Color note: As simple as it looks, that cup of coffee was a fun color-mixing challenge. I stopped carrying brown in any medium years ago, so if I need brown, I must mix it. Since the paper was green, all I needed was dark purple and orange – my all-purpose secondary triad.

Monday, September 16, 2024

Urban Sketchers on the Eastside Rail Line

 

9/14/24 Redmond Technology and Wilburton stations

Late last spring, Kate, Roy and I rode the new Link light rail line 2 from south Bellevue to Redmond. Getting off at each station, we sketched briefly before hopping back on. In addition to simply having fun, we were also scouting the route for a potential USk outing. Since most stations have enough sheltered areas that the outing could work during transitional seasons, we pushed it to fall.

As it turned out, Saturday’s drizzle didn’t faze any of the enthusiastic sketchers who showed up. In fact, I was impressed and surprised by the number of sketchers who did exactly what Kate, Roy and I did. Blitz-sketching at each station, they got right back on when the next train came and made it to the northern-most Redmond station in time for the throwdown!

Making one stop at Warburton Station to grab lunch at Whole Foods, I made a quick sketch of the light rail supports, which always make an interesting composition. After that, since I already did the whole tour in May, I saved most of my sketching time for Redmond Technology Station. Microsoft’s extensively landscaped pedestrian/bike overpass is challenging fun to sketch. (Both sketches above.)

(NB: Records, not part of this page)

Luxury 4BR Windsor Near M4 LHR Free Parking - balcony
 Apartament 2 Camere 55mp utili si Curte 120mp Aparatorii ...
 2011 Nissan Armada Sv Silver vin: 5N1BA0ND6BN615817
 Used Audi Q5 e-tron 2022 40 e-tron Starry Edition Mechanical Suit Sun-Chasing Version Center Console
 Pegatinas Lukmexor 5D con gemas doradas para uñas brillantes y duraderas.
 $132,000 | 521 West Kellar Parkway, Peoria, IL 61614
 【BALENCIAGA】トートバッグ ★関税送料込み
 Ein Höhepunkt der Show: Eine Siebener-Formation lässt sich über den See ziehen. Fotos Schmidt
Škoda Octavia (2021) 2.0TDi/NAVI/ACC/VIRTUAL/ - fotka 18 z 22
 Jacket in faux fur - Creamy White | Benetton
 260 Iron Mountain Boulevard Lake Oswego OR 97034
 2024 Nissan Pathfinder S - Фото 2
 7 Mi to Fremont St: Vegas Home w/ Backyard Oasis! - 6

Sketcher Jyoti works for Microsoft in one of the many buildings on the tech company’s main campus on the far end of the overpass. Walking with me, she noted key points of interest, such as the archway behind the colorful Microsoft “windows” (likely a good selfie spot for new employees and visitors). The triangular structure covered with foliage is a cave-like space where employees can take a break from all the glass and concrete. At lower left is a distant view of the pedestrian overpass. (Sketches below.)

Microsoft's main campus, Redmond

After the throwdown, most of us rode the train back to the southend park-and-ride lot, so I had time to sketch a few of my co-sketchers as well as other commuters. A fun day!






A green escape from glass and concrete

Sunday, September 15, 2024

Blood Pressure Control

 

9/10/24 Sketched from live broadcast

Political debates can be difficult to view, and presidential ones are certainly among the worst. I find that it helps to calm me when I sketch from the live broadcast. I can still listen (though often I wish I couldn’t), but focusing on capturing the candidates’ likeness (or lack thereof!) keeps my blood pressure down.

Last week’s debate between Harris and Trump was the fourth presidential debate that I have sketched. I think my first (between Clinton and Trump in 2016) is still my most memorable due to my special viewing “seat.” I also sketched the 2020 debacle and the one a couple months ago.